18. It is own case of the prosecution that Rulda Singh, an independent witness was joined in the investigation, but to its utter dismay, the seal after use was made over to the ASI Sukhjit Singh. The prosecution has not apportioned any reason for preferentially handing over the seal to the official witness in the presence of an independent witness. The seal could be taken from ASI Sukhjit Singh at any moment for the purposes of tampering with the contents of the sample parcels. Rulda Singh, PW has not been examined by the prosecution. It has been authoritatively held that when the prosecution apprehends that the independent witness will not support its version, if produced at the trial, still it is necessary for the prosecution to examine him to reveal the truth. For his non-examination, an adverse inference has to be drawn u/s 114 (g) of the Indian Evidence Act, that had he been examined, he would have nullified the prosecution story by shedding light on the reality.

19. It is in the cross-examination of D.S.P Khushi Mohd. (sic) that " Inquiry was made about the owner of the truck but in vain. I know that the owner of the vehicle could be challaned u/s 25 of the NDPS Act. It is correct that innocent travellers can board any vehicle on the way to reach their destination. I did not visit the place from where poppy husk was brought in the truck neither I inquired about the fact that who took the poppy husk from that place." It is the desideratum of law that the investigator should inquire into the ownership of such vehicle as well as the place from which such contraband was transported. Here in this case obviously, the investigator did not take the pains to look into these facts.
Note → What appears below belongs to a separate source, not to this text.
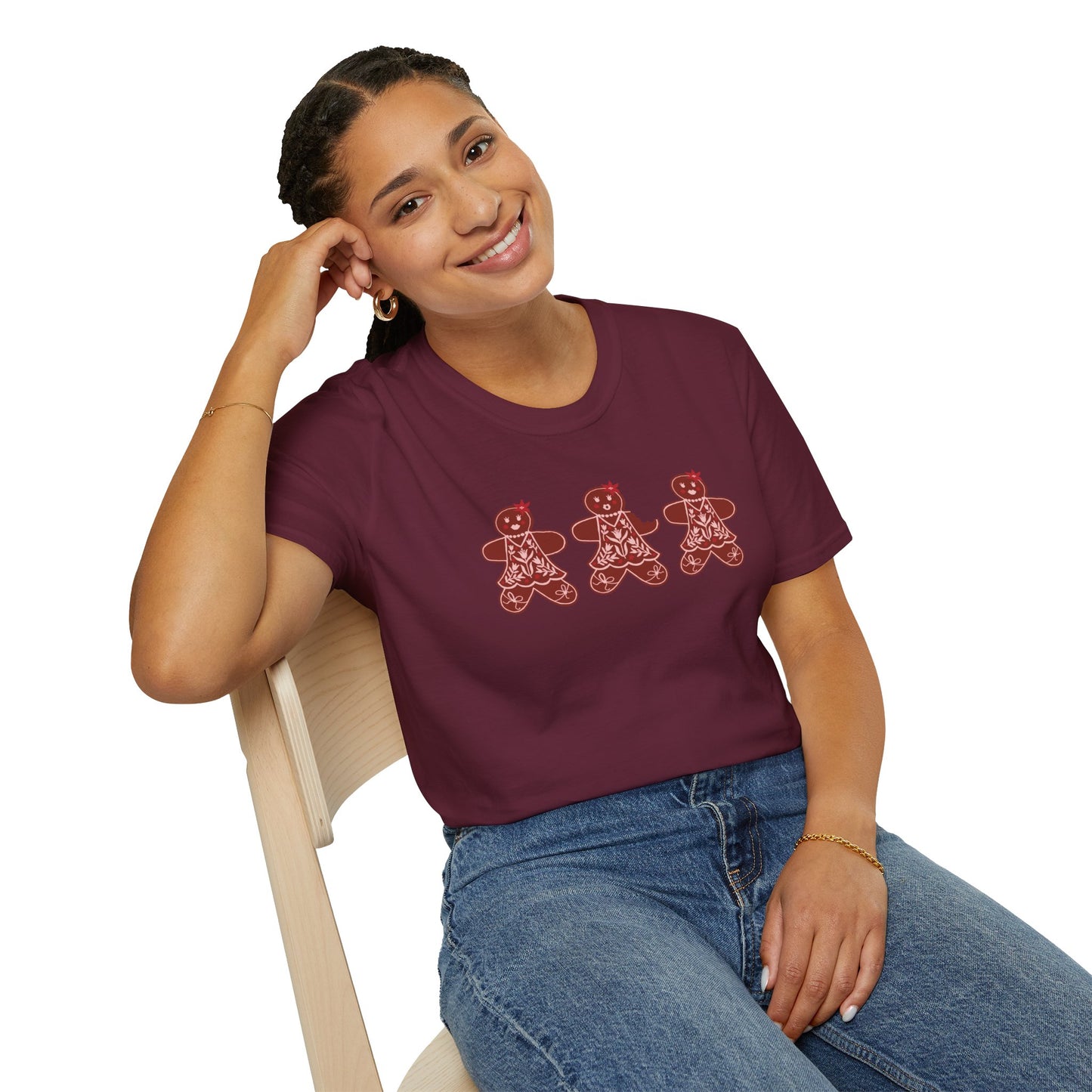 Gingerbread Cookie Lady T-Shirt / Christmas Tees / Cute Gingerbread Shirt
20. In his affidavit, Exh. PB, Dhara Singh MHC has solemnly affirmed that the case property was deposited with him on 8.7.1990 though the recovery was allegedly effected on 9.7.1990. Further, the rough site plan too indicates that the recovery was effected on 8.7.1990. Palpably, the cart has been put before the horse, which too makes the Court to look upon recovery with suspicion.

21. In view of the infirmities catalogued here-in-above, this appeal is accepted, setting aside the impugned judgment/order of sentence. Sequelly, the accused-appellant is hereby acquitted of the charged offence.